Most important, Abby and I wouldn’t use any transportation besides our own feet. No cars, no bikes, no boats. Instead of driving 750 miles, we’d walk a 10-mile loop. That’s it.

Also, the strategy is a bit different in the tropics. Birds here are generally rarer and more difficult to observe. That means you’ve really got to know your bird songs for any chance at a high tally, since “heard-only” sightings are within the rules. At the end of the day, about two-thirds of our list would be by ear alone.

We hiked into the forest by headlamp, three hours before dawn, and kicked things off with some good nocturnal birds: Spectacled, Crested, Mottled, Black-banded, and Tawny-bellied Screech-Owls; Nocturnal and Salvin’s Curassows; Ocellated Poorwill; and Common and Great Potoos. By six a.m. we were up to a respectable 15 species.

Then the sun came up, a Laughing Falcon and Lined Forest-Falcon began calling, and, suddenly, we were recording new ticks faster than we could write them down. Abby and I could barely keep up with the overwhelming tropical dawn chorus. We hit 100 species at 7:20, highlighted by a tiny Short-tailed Pygmy-Tyrant.

At 11:30, we hit 150.

Then the daytime doldrums set in. On a sunny day in the Amazon rainforest, bird activity shuts down by mid-morning, and we had to scrape for new sightings. Abby and I trekked the most remote trail at Tiputini, called Maquisapa, sweating hard in the heat and humidity, eating one foil-wrapped cheese sandwich after another. At one point we both tried to cross a log bridge at the same time and, when it suddenly collapsed, both ended up in the creek below along with a surprised bat that had been roosting on the underside of the bridge. A Great Jacamar was a bonus, but where were the Variegated Tinamous? Could we make it to dinner without dropping from exhaustion?

Luckily, we had a big card left to play—130 feet tall, to be exact. Tiputini’s canopy tower, built around a giant Ceiba tree, promised a whole bunch of hard-to-get birds in late afternoon. Abby and I climbed into a tropical paradise full of birds, including in-your-face Paradise Tanagers and, at 3:30 pm, our 200th species of the day: a Black-bellied Thorntail.

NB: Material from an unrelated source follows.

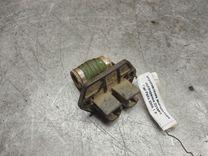 Сопротивление вентилятора охлаждения Z259PS Fiat Palio - Фото 1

High fives all around and we kept racking up new species, including a rare Fiery Topaz—perhaps the most spectacular hummingbird I have ever seen. As dusk fell, Abby and I sat along the Tiputini River and watched Short-tailed Nighthawks chase each other against the sunset. We’d been birding for 15 hours straight and looked back on an incredible streak. When a Ringed Kingfisher swooped past just before dark, Abby tallied our list: the kingfisher was #233.

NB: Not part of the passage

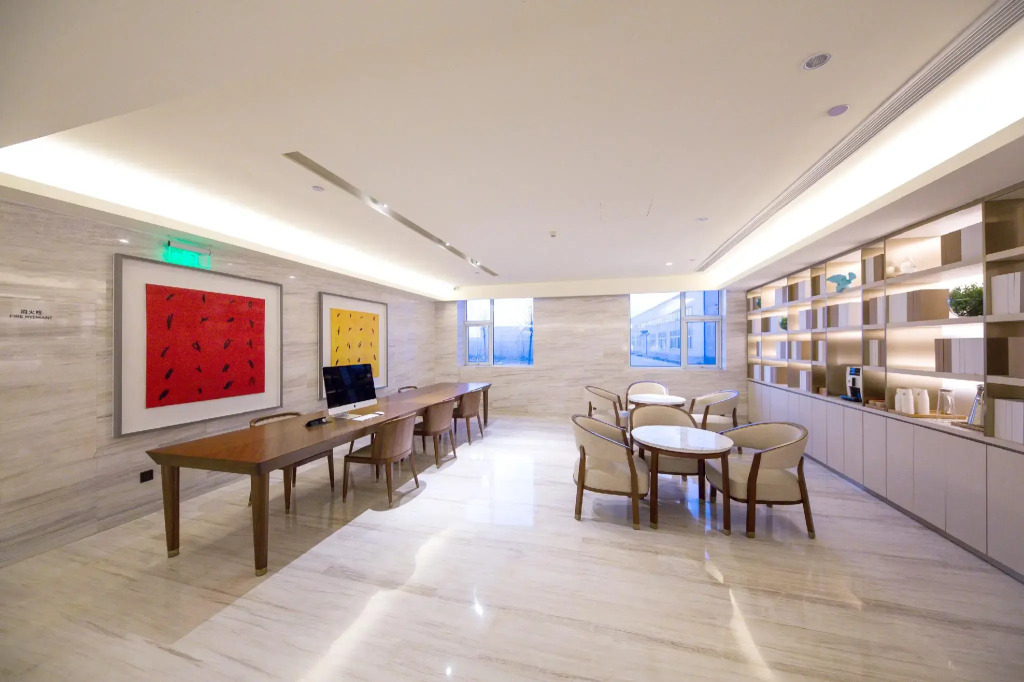 Ji Hotel Beijing Daxing International Airport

I had never seen that many species of birds in one day before, and neither had Abby. Very few people in the world have ever exceeded that total, much less entirely on foot. We called it good, sat down to a satisfying dinner at 7 pm, and were asleep by 8:30. I dreamed all night of tinamous and kingfishers.

10 replies
  1. Anne Heyerly
    Anne Heyerly says:

    Great job!!! Very nice pics!!! I am seriously missing the jungle this spring!!! So how many lifers did you get on your big day?

  2. Denise
    Denise says:

    Wow! What a GREAT Day! My hubby & I just finished the Great Backyard Bird Count for the city of Napa, CA, and after almost 4 days of birding, we found 142 species!

  3. Linda
    Linda says:

    WOW!!! Great photos and great story!! I just finished the GBBC, counting birds here on the farm I see while doing chores. Um, 28 species. And definitely no Fiery Topaz.

  4. Pat ODonnell
    Pat ODonnell says:

    Man, nothing like a Big Day in the Amazon! Thanks for sharing the story of such a memorable day of birding. It is interesting to see that you guys got the exact same number of species that Rudy Gelis and I got during a Big Day we did at another Amazonian locality (the Tambopata Research Center) with the same amount of effort in 2001.